27 July 2017
Rates & FX Market Update
July FOMC
Statement Largely Stick to its Previous Script
Highlights
¨ Global
Markets: DXY and UST yields dipped 0.4% and c.4-5bps overnight after the
FOMC statement acknowledged the softening inflation below the 2% target, while
taking a more positive stance on employment and consumer spending. The
committee also expects to begin balance sheet normalisation “relatively soon”,
where we think an announcement could come in the September meeting. We
eye 10y UST yields to hover around 2.1-2.4% ahead of the September FOMC
meeting, and we maintain our neutral UST duration view given fading
inflationary pressures and lingering political disruptions.
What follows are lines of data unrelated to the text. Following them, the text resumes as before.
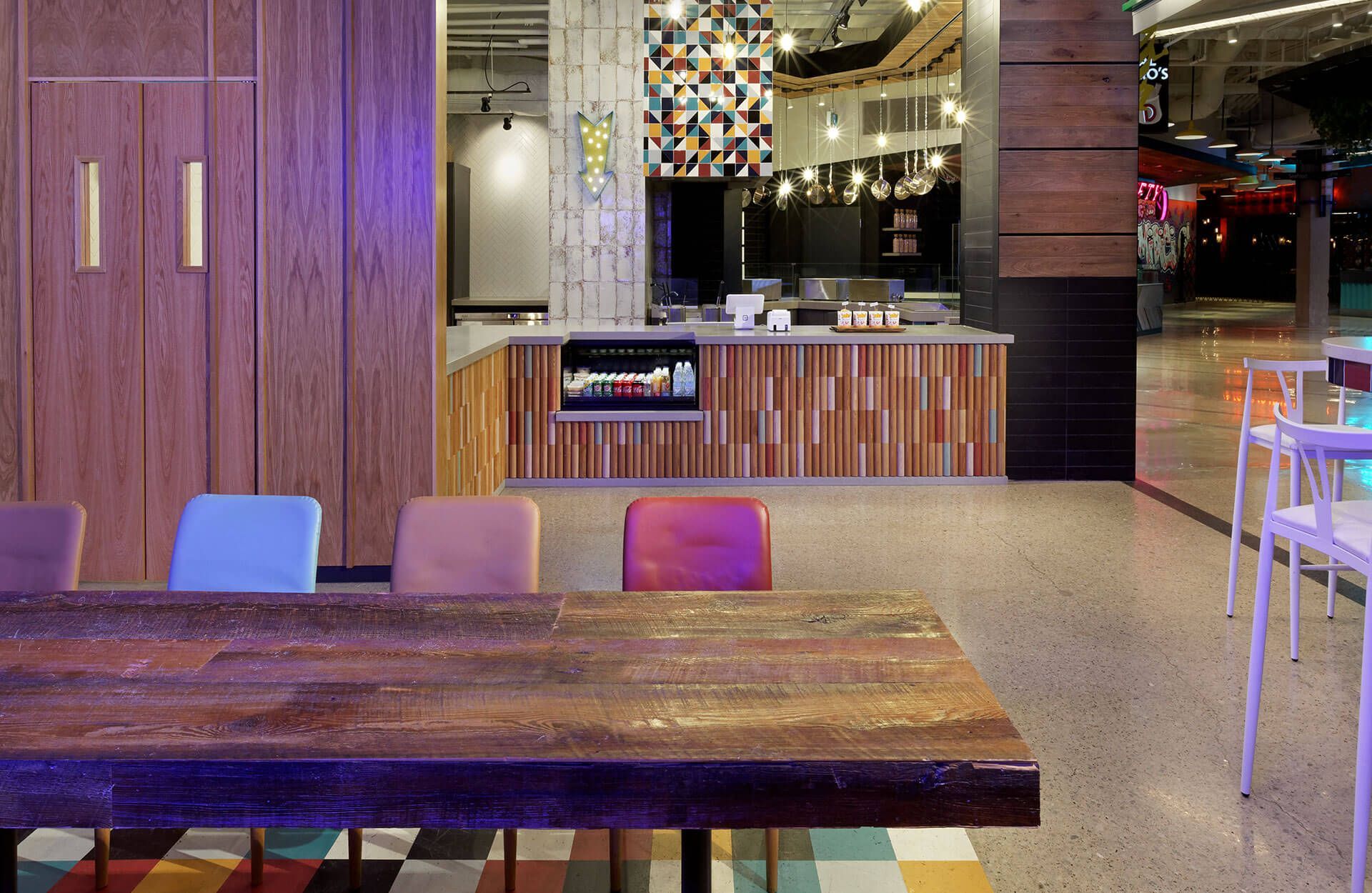 A restaurant with a wooden table and chairs and a counter.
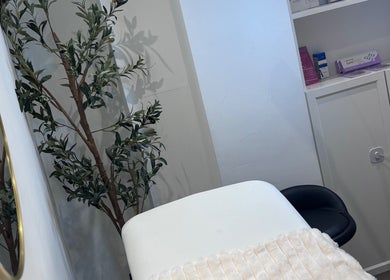 Tranquil treatment room at Lumora Aesthetics, London, England, GB, featuring soothing decor and calming ambiance.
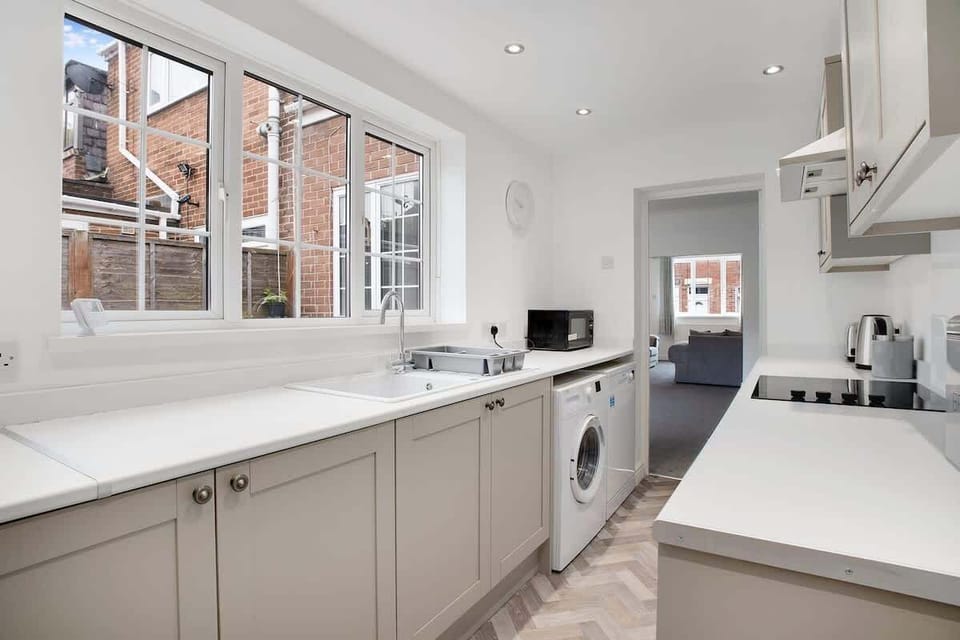 Kitchen equipped with all essentials, including a washer & dryer, oven, fridge and full cookware set.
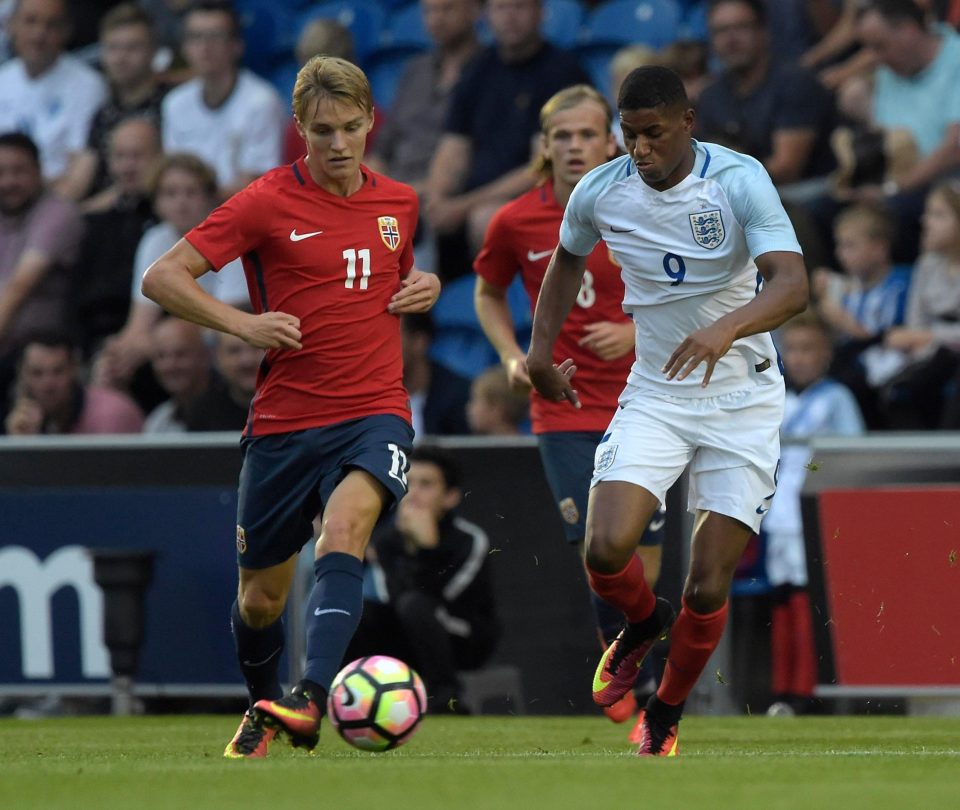  Martin Odegaard takes on Marcus Rashford for Norway's Under-21s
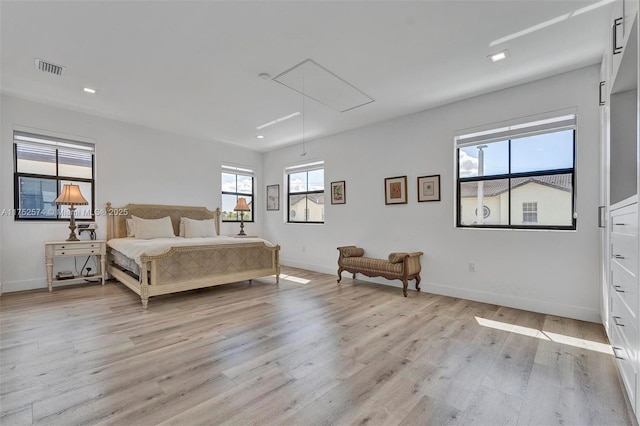 bedroom with light wood finished floors, attic access, multiple windows, and baseboards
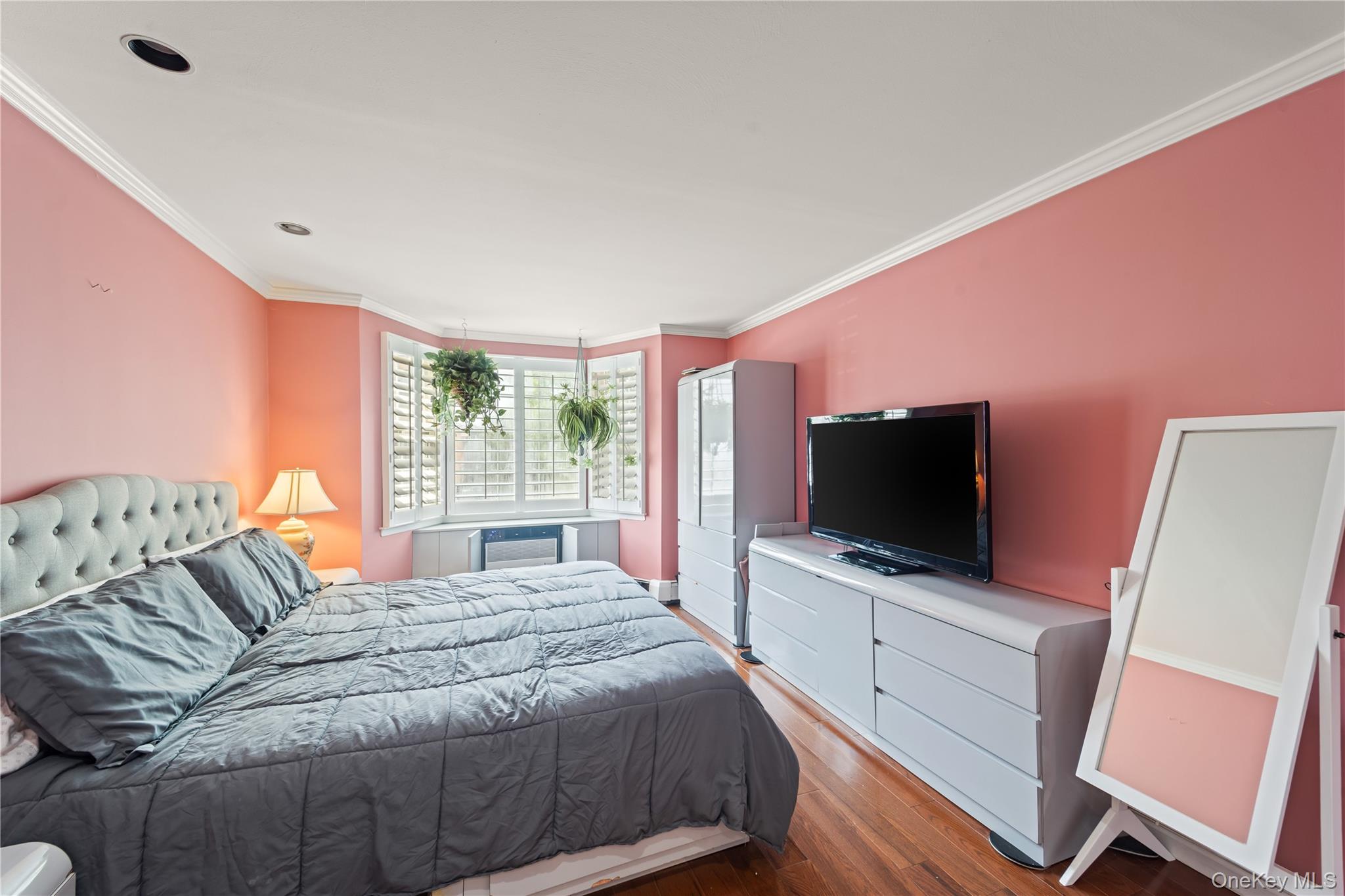 12-35 Robin Lane, Unit UPPR Queens, NY 11360 - Photo 12 of 23 Bedroom with crown molding and wood finished floors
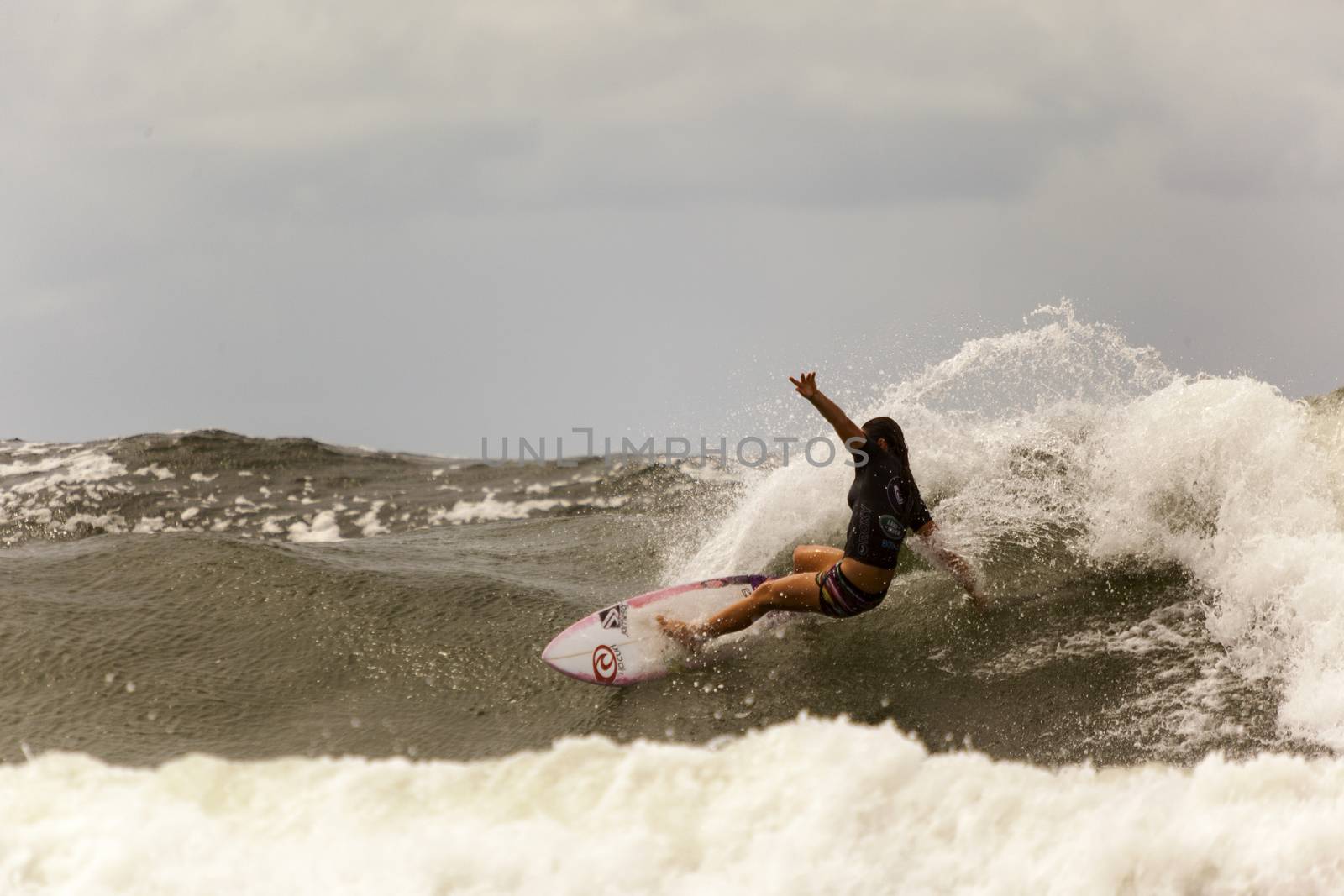 SNAPPER ROCKS, GOLD COAST, AUSTRALIA - 9 MARCH: Unidentified Surfer races the Quiksilver & Roxy Pro World Title Event. 9 March 2013, Snapper Rocks, Gold Coast, Australia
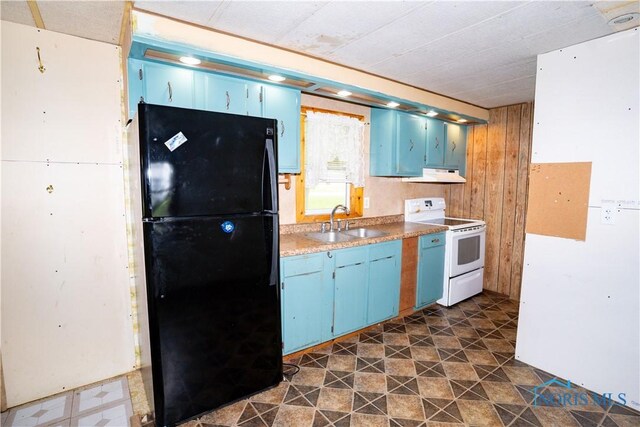 28916 Blanchard Rd, Defiance, OH 43512 - kitchen featuring freestanding refrigerator, white range with electric cooktop, a sink, under cabinet range hood, and blue cabinets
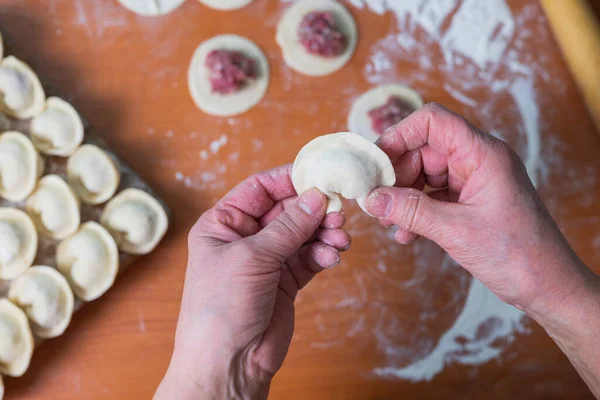 stock image an elderly man cook makes sculpts dumplings from dough and minced meat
Elsewhere, UK 2Q17
GDP came in line with consensus expectation at 1.7% y-o-y (1Q17: 2.0%), dragged
by weaker manufacturing and construction activity. Overall growth in retail
sector remained lacklustre over 1H17, with the outlook remaining pessimistic as
consumers continued to get squeezed by negative real wage growth. We continue to
affirm our neutral BoE view over the coming months, despite greater
willingness among some committee members to tighten policies soon; stay
neutral Gilts. Lastly, 2Q17 Australian CPI slowed to 1.9% y-o-y (consensus:
2.2%; 1Q17: 2.1%), providing further affirmation for RBA to remain on the
side-lines for now. While AUDUSD initially dipped to c.0.788 after Governor
Lowe rejected the notion to track the rising hawkishness among major central
banks and maintained his preference for a weaker AUD, the pair surged past the
0.800 psychological resistance during late US session post-FOMC; we do not
advise chasing the AUD on the long side at this juncture.
¨ AxJ
Markets: Over in South Korea, 2Q17 GDP matched expectations at 2.7% y-o-y,
driven by robust growth in the services sector. Amid the lack of price
pressures, BoK is likely to keep policy rates unchanged at 1.25% through early
2018, underpinning our neutral KTB duration view.
¨ EURUSD
climbed 0.83% overnight to 1.1744, driven by perceived dovishness in the FOMC
statement that weighed on dollar crosses, and ECB’s Nowotny comments that
negative rates could lead to market distortions, as well as supporting a
winding-down of ECB stimulus as early as September. With elevated expectations
for ECB to tighten, we would not advise chasing the EUR rally, with near-term
upside capped in our view; stay neutral EUR.